Bill Kristol's Complaint
CommentMax Bill Kristol's Complaint
Robert Novak
April 5, 1999
Senate Majority Leader Trent Lott, watching Sunday morning television March 28 from his home in Pascagoula, Miss., was so upset by ABC's "This Week" that he switched it off. What bothered him was Bill Kristol, the program's designated conservative Republican.
Kristol is editor of The Weekly Standard, and that weekend, his influential magazine's lead editorial (co-authored by Kristol) declared that "Republicans should be supporting" the NATO attack on Yugoslavia and indeed be "pressing for additional policies that will lead to victory."
On television that Sunday, Kristol went further. "Republicans have been misled by their ... hatred of Bill Clinton" in voting against the bombing of Kosovo, he said. Asserting that they "should basically be supporting the president," he added: "I am worried about the Republican Party. They so dislike Clinton that they're in danger of becoming knee-jerk isolationists."
That sent Lott's blood pressure soaring, and the majority leader was not alone. Clinton's acolytes and some of his defenders in the press long have attributed criticism of the president to personal "hatred." The overwhelming majority of congressional Republicans who warned that Clinton's bombing policy in the Balkans would be a disastrous mistake feel insulted by a fellow Republican dismissing them as governed by Clintonphobia and isolationism.
"There's no question that the trust (of Clinton) is at play, but members of the Senate would not let that cloud their judgment on something as important as this," Lott told me. Dan Quayle, who employed Kristol as his vice presidential chief of staff, said he was unhappy that "opposition to these ill-conceived policies can be called isolationist." Lott, Quayle and other critics of the Clinton bombing have certifiable records as internationalists.
The fantasy of Kristol's formulation was demonstrated Thursday when Jack Kemp called for an immediate halt of air strikes, branding them "wrong" and "counterproductive." Another Clinton "hater"? Kemp, certainly no hater, for the last six and one-half years has steered clear of personal criticism of the president, while Kristol and The Weekly Standard mercilessly bombarded Clinton.
Sen. John McCain, until now the favorite Republican presidential candidate of liberal ideologues because of his stands on tobacco and campaign finance, is praised by Kristol for advocating bombing in downtown Belgrade and suggesting ground troops. When I asked McCain on CNN's "Crossfire" Thursday night whether he agreed with Kristol's hate-Clinton theory, the senator lapsed into Senate-speak: "I respect the views of my colleagues." But McCain then urged a "healthy debate" in the GOP between his side and Pat Buchanan's: "It isn't just about use of force. It's got to do with protectionism and free trade and a number of other issues that sort of symbolize the wings of the party." Where does that leave free traders like Lott, Quayle and Kemp? McCain's framing of the debate is as skewed as Kristol's.

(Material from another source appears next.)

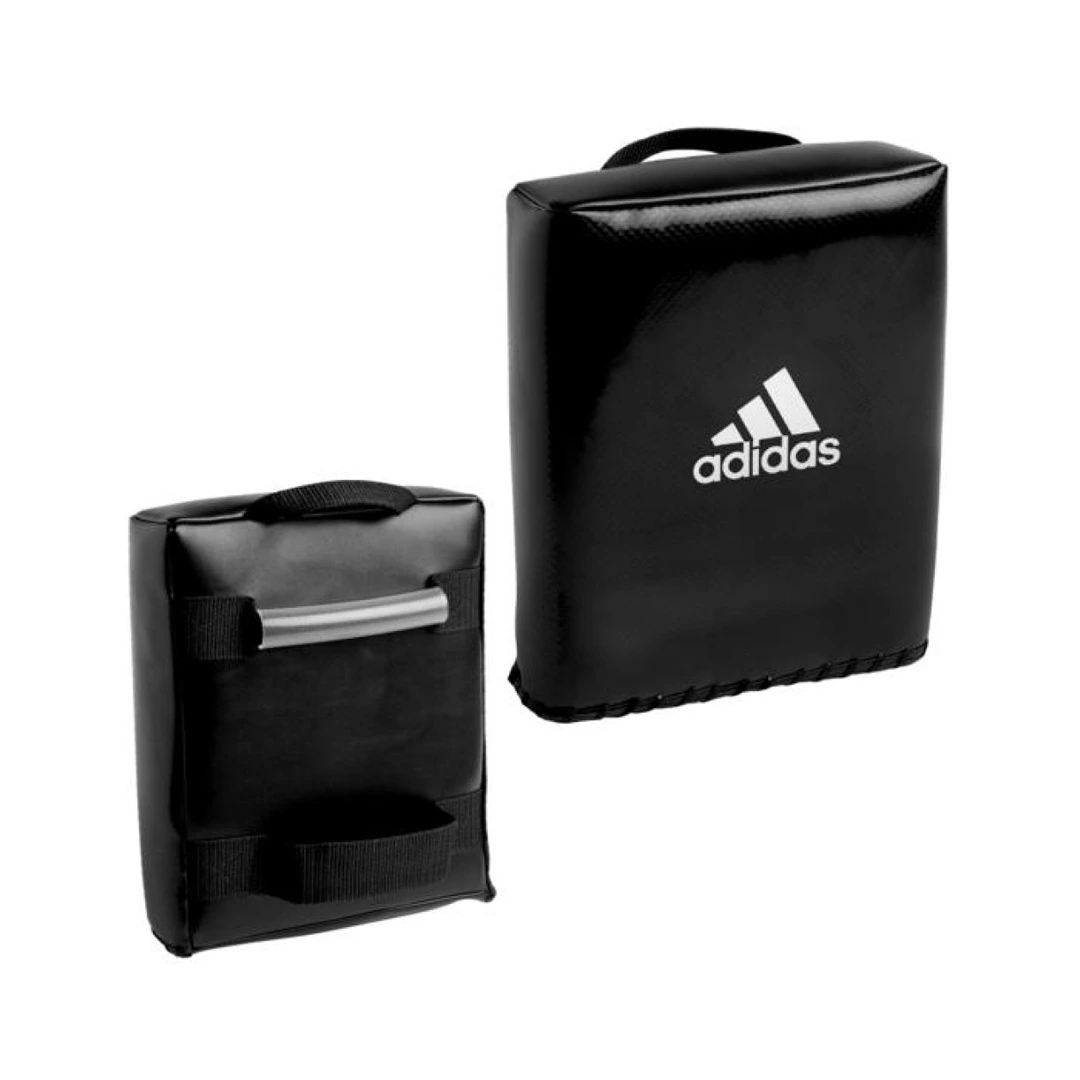 Escudo Cuadrado para Entrenamiento Adidas Negro 30 x 23 x 8 cm para Entrenamiento de Patadas Kickboxing Muay Thai MMA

What's really at stake was clearly propounded in the July/August 1996 issue of Foreign Affairs magazine in an article by Kristol and Robert Kagan, a Weekly Standard contributing editor (who also shared authorship of the recent editorial). In urging a "neo-Reaganite foreign policy," they proposed "benevolent global hegemony" enforced by an enhanced U.S. military. Conservatives cannot prevail domestically, they maintained, "without the remoralization of American foreign policy." To John Quincy Adams' admonition for Americans not to go "abroad in search of monsters to destroy," they responded: "Why not?"
They are prescribing nothing short of an American imperium, with Kristol now even regretting lack of U.S. intervention in Rwanda. If the Central African quagmire is within Washington's sphere of responsibility, there is no calamity in the world that is outside America's responsibility. This is hardly the traditional Republican internationalism Dwight D. Eisenhower espoused when he entered politics in 1952 solely to protect a western alliance against Soviet communism.
The fallacy of puffed-up American supreme global authority is shown in the 1996 Kristol-Kagan article's reference to "Slobodan Milosevic's decision to finally seek rapprochement with Washington." An unidentified "Serb leader" is quoted as saying: "Milosevic knows that all satellites of the United States are in a better position than those that are not satellites." The authors did not realize that Milosevic was more interested in keeping Kosovo as a province of Serbia than in qualifying as an American dependency.